What happens in the ocean during ENSO?

 

The Pacific Ocean is a huge mass of water which can control many climate features in its region, since changes in the ocean result in characteristic changes in the atmosphere which, in turn, alter climate and weather patterns across the globe.

During normal years (non-ENSO years) relatively cold water occurs along the west coast of South America , an effect increased by upwelling of cold water along the Peruvian coast. The cold water then flows westward along the equator to Australia and is heated by the tropical sun. These normal conditions make the western Pacific about 3°C to 8°C warmer than the eastern Pacific.

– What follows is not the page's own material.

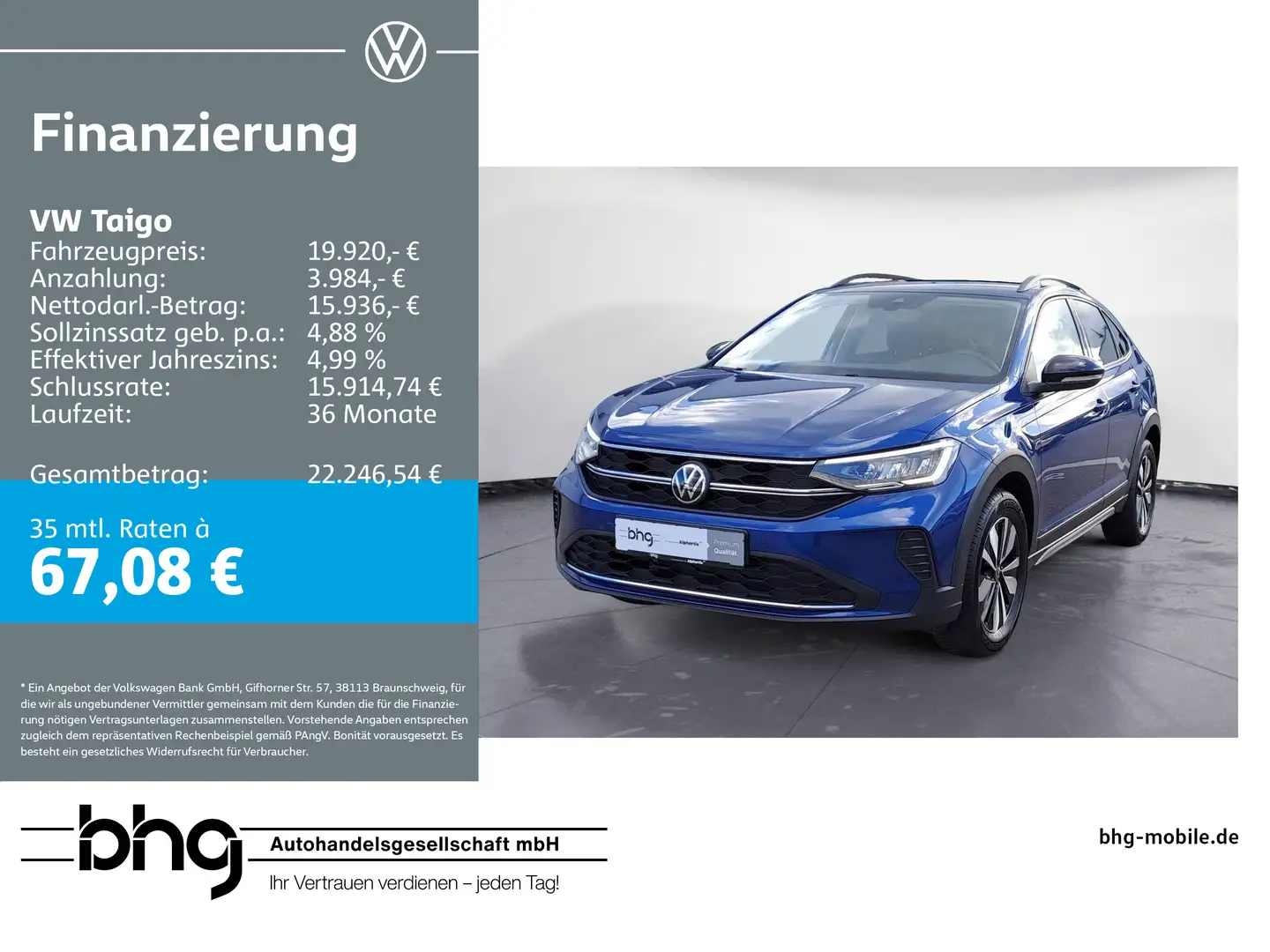 Volkswagen Taigo 1.0 TSI OPF Goal AppConnect, LED, Ganzjahr Blau - 1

During La Nina years, the upwelling off the Peruvian coast is enhanced and the SSTs in the Nino regions become cooler than usual. During El Nino years, the area of warm water (usually over the western tropical Pacific near Australia ) cools down and the warm water is displaced eastward to the central Pacific. The upwelling off the Peruvian coast is suppressed and the SSTs in this region become warmer than usual.

 

Measuring the ocean

 

Sea-surface temperature (SST) anomalies are (amongst other) used to measure the state of the global oceans. The long-term mean for each location over the oceans is calculated from a long record of SST data for these specific locations. The mean is then subtracted from the current value. If the ocean is warmer than usual, it will have a higher SST value than the mean and therefore a positive anomaly. On the other hand, a colder-than-usual ocean surface will give rise to a negative anomaly. El Nino events are associated with positive SST anomalies, while La Nina events are associated with negative SST anomalies.

 

What happens in the atmosphere during ENSO?

 

The atmospheric circulation between high and low pressure regions in the tropical Pacific is known as the Walker Circulation. The easterly trade winds are part of the low-level component of the Walker circulation. During normal years (non-ENSO years), the trade winds move over the warmer sea bringing warm, moist air towards the Indonesian region. This moist air rises to high levels and travels eastward before sinking over the eastern Pacific Ocean . The rising air is associated with a region of low air pressure, towering cumulonimbus clouds and rain. High pressure and dry conditions accompany the sinking air. (Figure: Normal conditions in the Pacific Ocean and the atmosphere .)

During La Nina years, the Walker Circulation operates in the same way as described for normal years, but because of the larger area of colder water off the South American coast and the displacement of warmer water to the west, the atmospheric pattern also shifts accordingly. During El Nino years, the Walker Circulation is altered due to the changes in the Pacific Ocean . The lifting and sinking of air - and therefore rainy and dry conditions - move with the warmer and colder SSTs to form the pattern depicted in the figure Conditions in the Pacific Ocean and the atmosphere during El Nino .

 

Measuring the atmosphere

 

The Southern Oscillation Index (SOI) gives a simple measure of the strength and phase of the difference in sea-level pressure between Tahiti (in the mid-Pacific) and Darwin (in Australia ). This difference is given in terms of an index. The typical Walker circulation has an SOI close to zero, while a strong negative value usually indicates that the oscillation has entered an El Nino phase. A strong positive value usually indicates a La Nina phase.